The IMF has put to bed the German View.
The German View is a hypothesis about monetary unions: that in the euro zone, economically depressed members need to cut wages and prices for them to grow again.
The German View argues that for the euro zone to thrive, those members must accept further misery by cutting wages and prices at home.
Then investors will flock in to take advantage of cheap labour and asset prices, and the country’s exports will cost less in international markets. Exports and inward investments will grow and the economy will thrive.
This is the economic position that has been imposed on Greece.
But now the IMF is saying that it’s junk.
The IMF is not alone in this. Plenty of people have been saying this for some time.
If you have a crisis-hit country and you further depress economic activity in that country by cutting wages and reducing government spending, you are likely to make things worse.
The German View argues that this is counteracted by increased demand from outside the euro zone.
But if, as has happened in the euro zone, many countries attempt to lower labour costs all at once, external demand doesn’t increase sufficiently to encourage firms to take advantage of lower asset and labour costs.
In Greece, the prices of assets and exports don’t become cheaper than those of Germany’s, so Greece doesn’t sell more exports or attract more investment than Germany. Greece is just made worse off by cutting input costs.
So internal demand doesn’t increase because all the Greek consumers are worse off. Demand from the euro zone doesn’t increase because euro-zone members are also cutting demand. And demand from outside Europe doesn’t increase because Greece isn’t cheaper than Germany.
If everyone rushes to make themselves worse off, economic activity isn’t going to increase.
This has happened: so the Greek programme of internal devaluation is doomed to failure. And that’s before the human cost of cutting wages and prices is observed – an estimated 25 per cent nominal cut in wages between mid-2013 and late last year. This, it turns out, is pointless suffering.
That’s the main argument made in an IMF staff discussion note that was released yesterday.
It’s why economists have called for Germany, the continent’s largest economy, to adopt expansionary policies in a bid to serve as the region’s motor of growth.
But German officialdom does not see things this way.
The chief economist of Germany's finance ministry, Ludger Schuknecht, wrote in the Financial Times on October 5 that Europe's problem was that it still had too much debt.
Everyone should pay down debt instead of consuming things or investing, he argued. That builds “resilience” into the economic system, which leads to “confidence”, which leads to growth (because “confidence” outweighs the fact that people are tangibly worse off because of lower demand).

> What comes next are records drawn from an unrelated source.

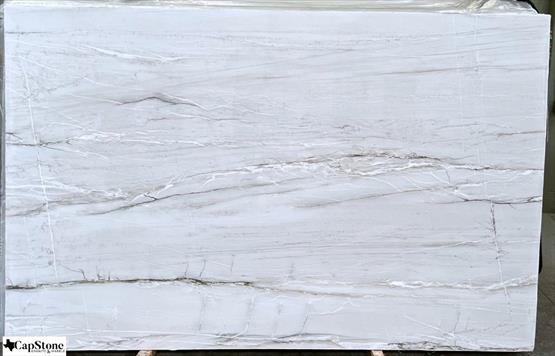 Bianco Superiore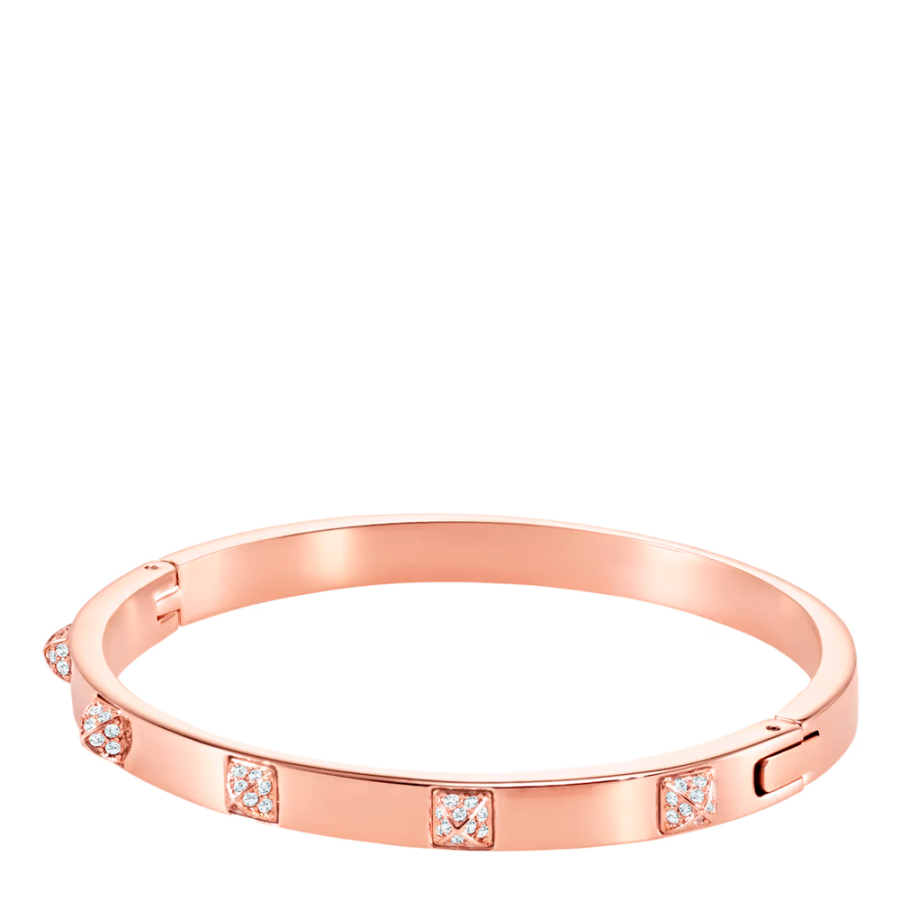 brazalete-dextera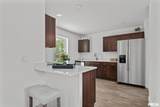 813 Williams Way - Photo 9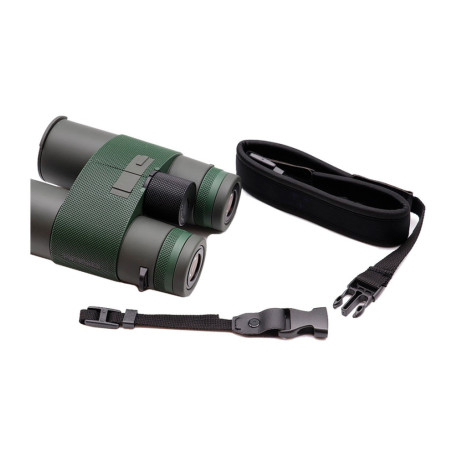 PRISMÁTICO DELTA con TELÉMETRO Delta-T 9x45 RF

The circular flow of income determines the welfare of a country. My expenditure is your income; and your expenditure is my income. If everyone spends more, everyone has more income.
Debt complicates the picture because it consists of an injection of income at a current point in time, in exchange for a withdrawal of income at a later date.
If everyone withdraws money now, income is lower, so expenditure is lower, so people are worse off.
Sometimes having too much debt might reduce the ability of companies to engage in economic activity. For instance, if banks are forced to buy up huge amounts of government debt, they may not lend to small businesses, which is one way in which economic growth happens. Or negative inflation may trap companies in a cycle of increasing nominal debt.
Advocates of austerity have to tell an explanatory story about debt in which reducing spending through debt necessarily has more of an impact than the definite loss of welfare from everyone cutting spending at once.
This is very hard to do. We know that cutting expenditures hurts growth, usually by more than the amount cut. Paying down a debt pile, however, does not by itself improve anyone’s welfare.
Mr Schuknecht’s argument – that lower debt unleashes confidence, which unleashes growth – is a familiar right-wing trope.
Why would consumers and companies feel more confident despite having wages and earnings cut? And why would this psychological state do more to boost their spending than, say, having bigger wages and earnings? The Nobel laureate Paul Krugman talks about the “confidence fairy”. Right-wingers since Reagan have argued that their preferred policies would boost economic growth via the intervening causal variable of confidence.
It’s unpersuasive because we are expected to believe that “confidence” outweighs actual decreases in people’s welfare. But it’s not clear how this could happen – except, perhaps, if a fairy were to intervene. At least now, the IMF officially disagrees with this view – almost, but not quite, a decade too late for Greece.